While the analysts strove for maximum generality, the synthetics argued for the specificity and locality of all mathematical methods. They saw this as a question of jurisdiction: there are many different ways of reasoning and many different methods, and they all have their legitimate function and scope. It would be illusory—and deceitful—to try to solve a geometrical problem using purely algebraic methods, or a political problem using the methods of geometry. Even more misleading would be to believe that there is a single universal method that can be applied to all kinds of problems. The synthetics’ world was, so to speak, epistemologically stratified. They recognized many kinds of truth, and thought it essential to keep them separated from one another. The truth of the geometer, they claimed, has nothing to do with the truths of the theologian, historian, or politician.
These two mathematical cultures differed sharply in the way they conceived mathematical reasoning. For the synthetics, mathematical knowledge was the product of a process of recognition, the imperfect representation of metaphysical states of affairs that the gifted mathematician would be able to glimpse. Their teaching reflected this view: a close-knit school with an inner circle of students who worked with their maestro, engaging in an endless reflection on geometrical problems received from antiquity. For the analysts, mathematical reasoning was just a particular case of analytic reasoning—calculus, especially, was where analytic reason could be best seen in action. They saw themselves as the standard bearers of modernization and the promoters of rational action across both scientific and social life. For them, mathematical training was a matter of learning to frame problems analytically and then solving them following a set of standard procedures. It was not a matter of intellectual intuition, gift, and genius. On the contrary, anyone, with proper training, could become an effective problem-solver.

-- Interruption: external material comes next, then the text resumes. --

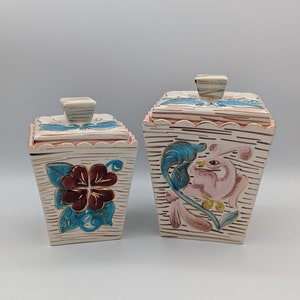 Vintage Pair of Ceramic Pottery Square Canister Fruit Floral Birds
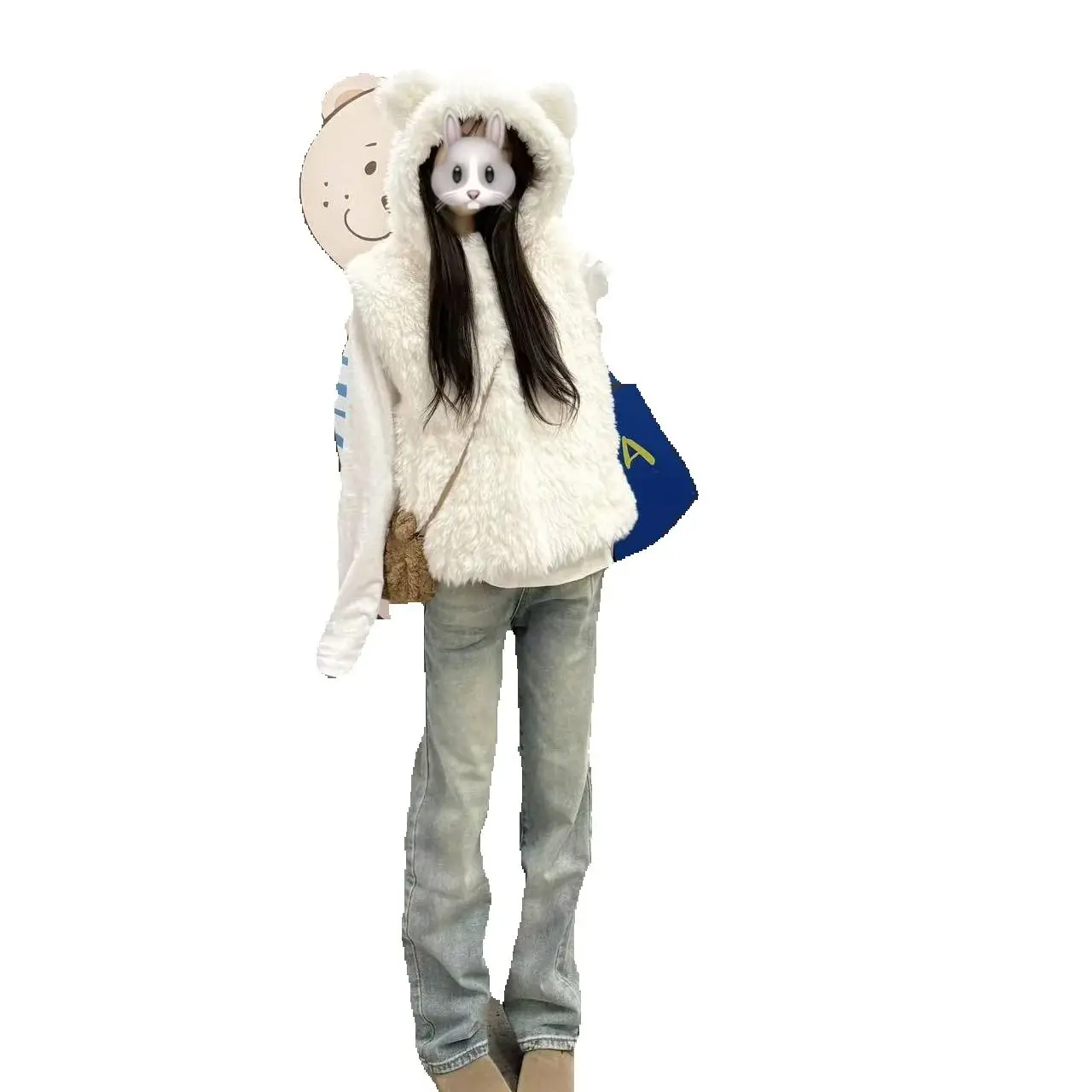 

Cute little bear ears, eco-friendly fur vest, female white lambskin coat with hat, loose fur vest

Analysts enthusiastically compared their method to the clunky workings of a machine: to them, the machine was an emblem of rational thinking. It was also a way of arguing for the algorithmic nature and therefore accessibility of the method, as its standardized procedures could be easily learned, and deployed across different contexts. At the core of their science was not the “pure and simple knowledge of truths,” they argued, but the knowledge of methods and their relative “strength” in getting useful results, including approximate ones, through the sheer power of calculation. The synthetics countered that results needed always to be precise and perfectly interpretable. The analysts were teaching their students blind methods that deformed their young minds; they were turning them into automata—soulless, machinelike number-crunchers—who ignored at their peril the meaning of the formulas they were manipulating. Well before the dawn of digital computing, the questions of the meaning of formal procedures and of the social implications of their extensive use were at the core of a debate that, using the language of morals, addressed basic questions of social order.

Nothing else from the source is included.